While the team truly is the star of the show, it’s always nice when one of the handful of its best players gets his turn with the axe. On Tuesday, as it so often is, that player was Raheem Sterling.
It was tough at first, but after going down 0–1 early on, City eventually turned things around against Atalanta in the Champions yesterday and came away with the lopsided (5–1) win most expected. The result was down almost entirely to Sterling.
The Englishman played a direct hand in all five of the Citizens’ goals, setting up Sergio Agüero’s leveler with a brilliant chipped pass, gifting the Argentine a second by winning a penalty, and in a blistering 11-minute stretch in the second half, scoring a hat trick of his own that turned a tense game into a laugher. It was as close as you can come to a legitimately perfect game.
Sterling has a preposterous number of skills. He’s fast, strong, great on or off the ball, great on the left or on the right, great hugging the touchline or playing inside, can make any pass, and can score many different kinds of goals. Lots of players can do one or two of the things Sterling did on City’s five goals against Atalanta, but only a tiny number can do all of them.
One of the most remarkable things about Sterling is just how damn smart he is. His decision-making is incredible. He always knows exactly where to be on the pitch, whether to go toward or away from the ball, when to accelerate play and when to slow things down. That intelligence is behind much of his versatility, and it’s why he’s only continuing to get better and better.

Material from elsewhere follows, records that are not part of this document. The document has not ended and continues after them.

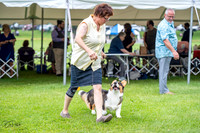 20230701-DSC01587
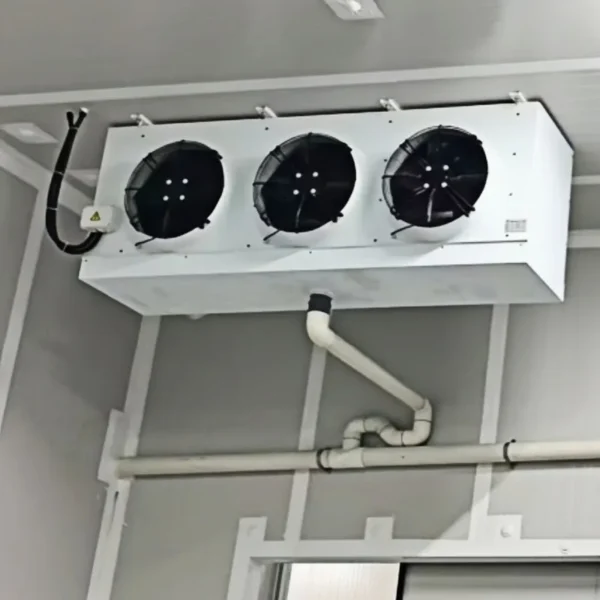 Electric Motor, 380 V - view 5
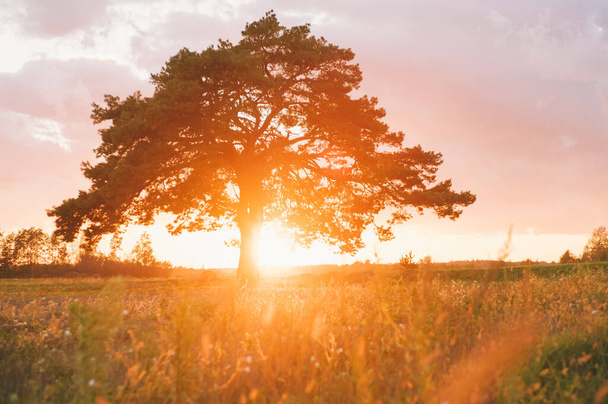 A tree in a field against the backdrop of a beautiful sunset - Fotografie, Obrázek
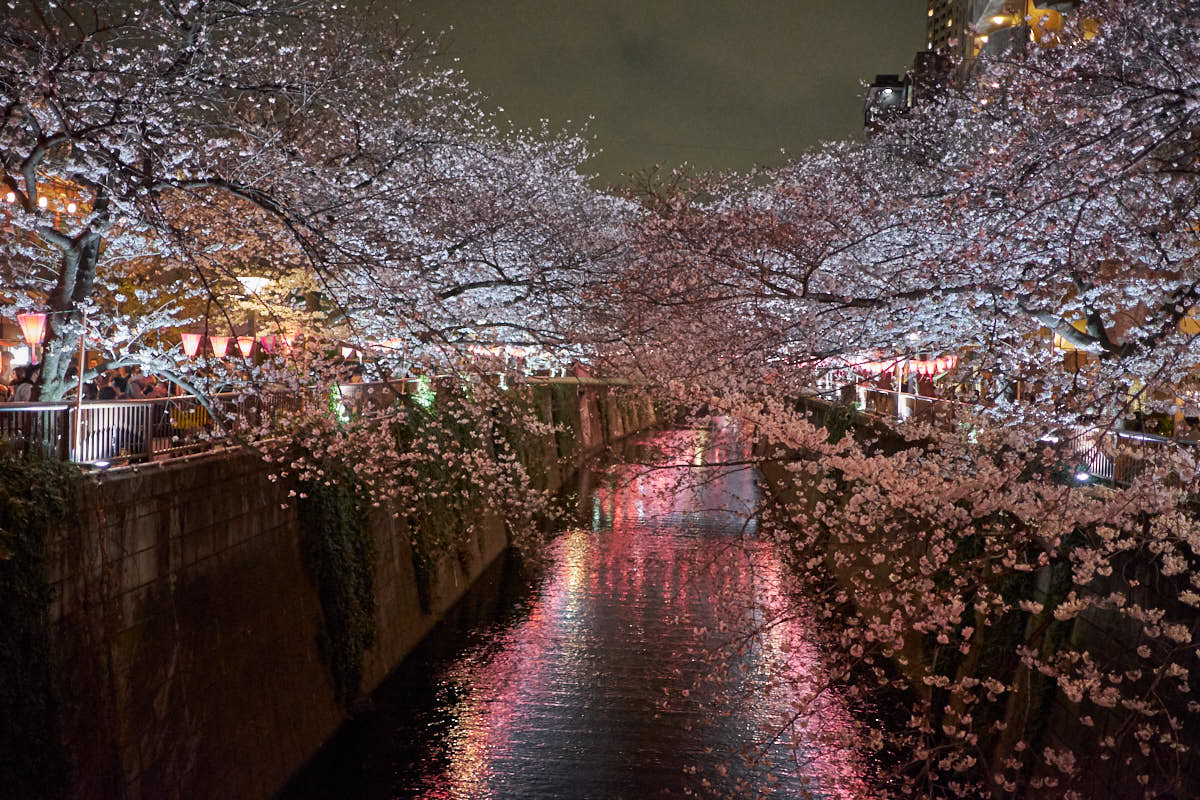 Meguro River at night illuminated by paper lanterns beneath a canopy of cherry blossoms in Tokyo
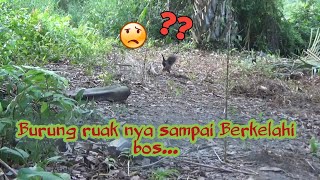 SAMPAI BERKELAHI BURUNG RUAK RUAK NYA || JERAT BURUNG RUAK RUAK PAKAI MP3 #eps 005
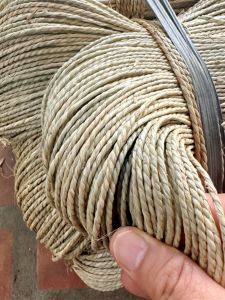 Thắt Lưng Rơm Biển Hai Sợi Tự Nhiên Thủ Công DIY Thắt Lưng Rơm Thủy Sinh Thắt Lưng Rơm Hai Sợi Thắt Lưng Rơm Kết Hợp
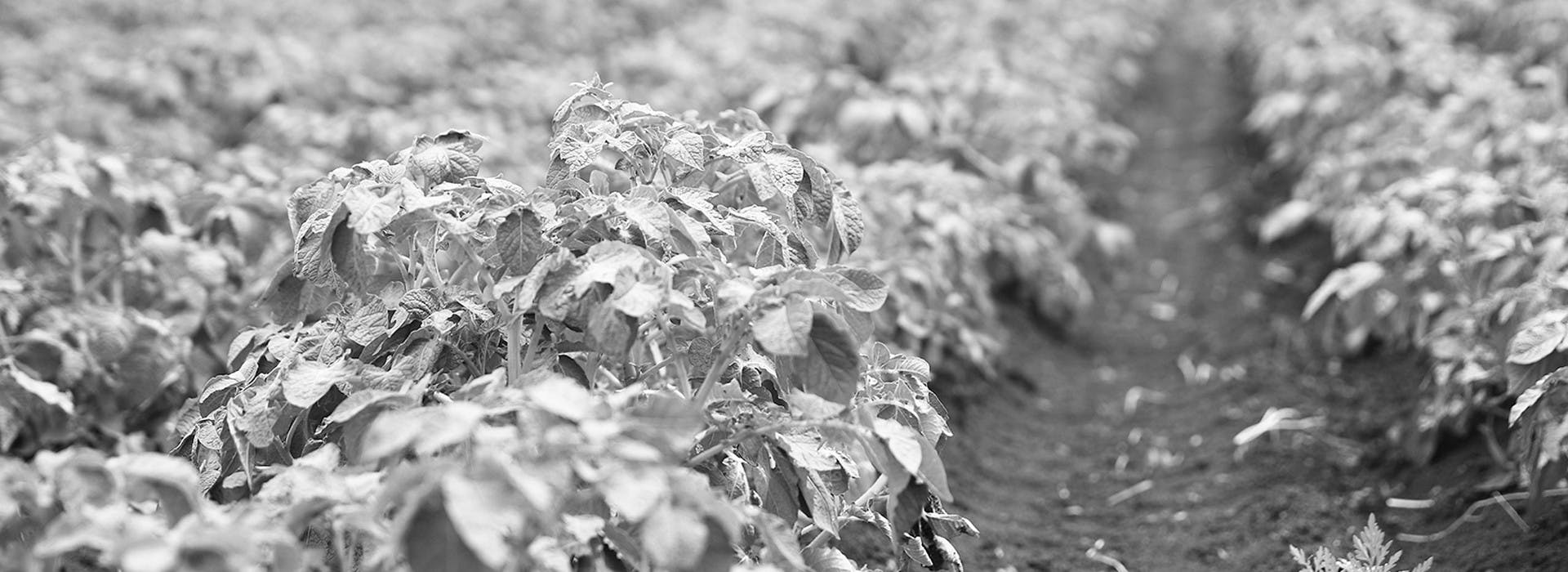 Chapter The need for ERP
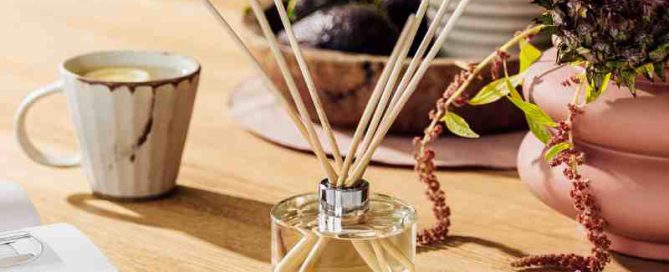 Ecoya Reed Diffuser Refills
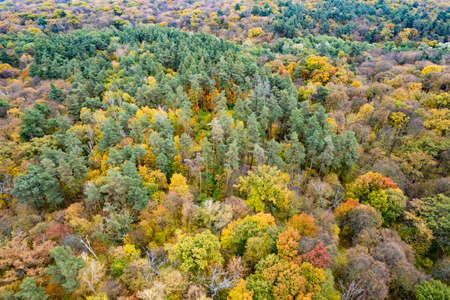 Top aerial view of colorful autumn forestの写真素材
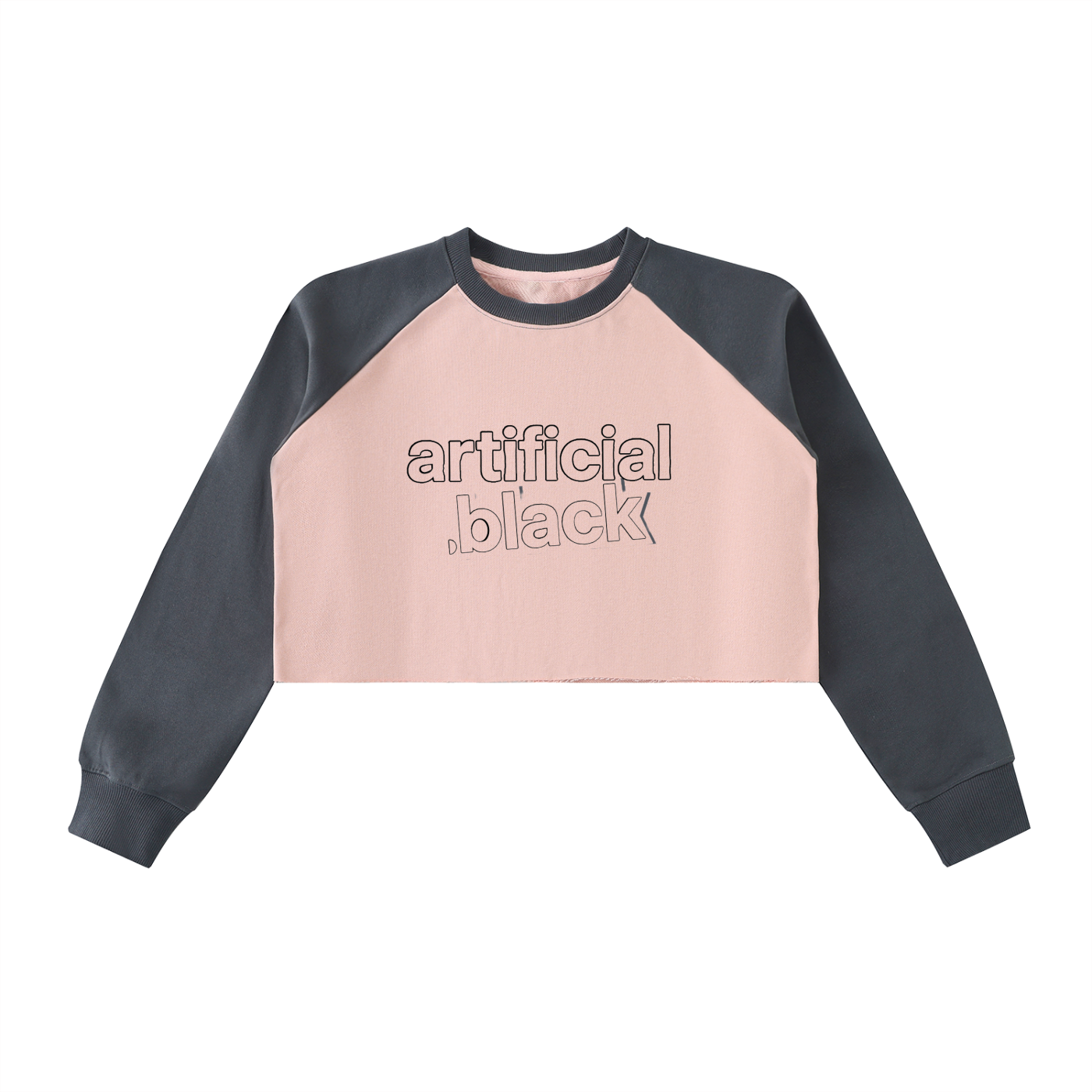 "Veridion Street Crop Sweatshirt"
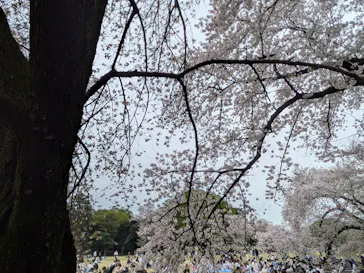 新宿御苑に投稿された画像（2026/4/5）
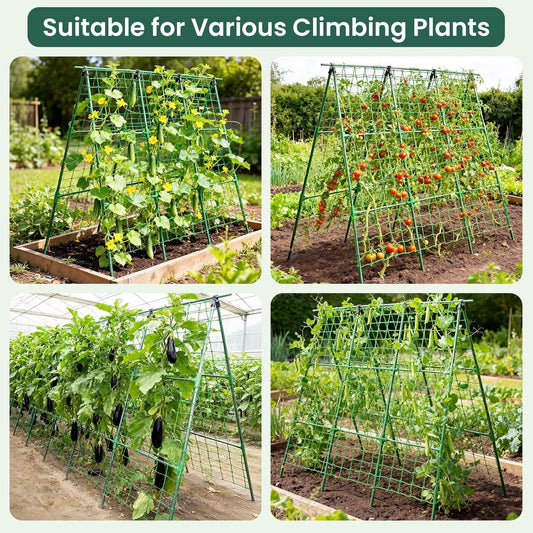 50" x 48"Cucumber Trellis for Raised Garden Bed, Green
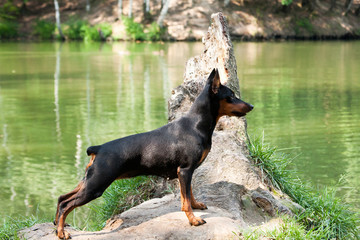 Zwergpinscher dog stands on a snag by the water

Sterling is 24 years old and is playing the best soccer of his life. As much as City would love to three-peat as English champions this season, their real task is to finally translate their domestic dominance onto the European stage. Can Sterling be the focal point of a Champions League–winning team? The good news is he doesn’t have to be, since City have so many match-winners—Sterling and de Bruyne and Bernardo and Agüero and David Silva and Leroy Sané (if he gets healthy in time)—that they don’t need to rely on just one. But the better news is, in light of his steady ascent over the past three seasons and his performance on Tuesday, when the moment arises, Sterling is more than capable of being the guy who wins big games practically all by himself.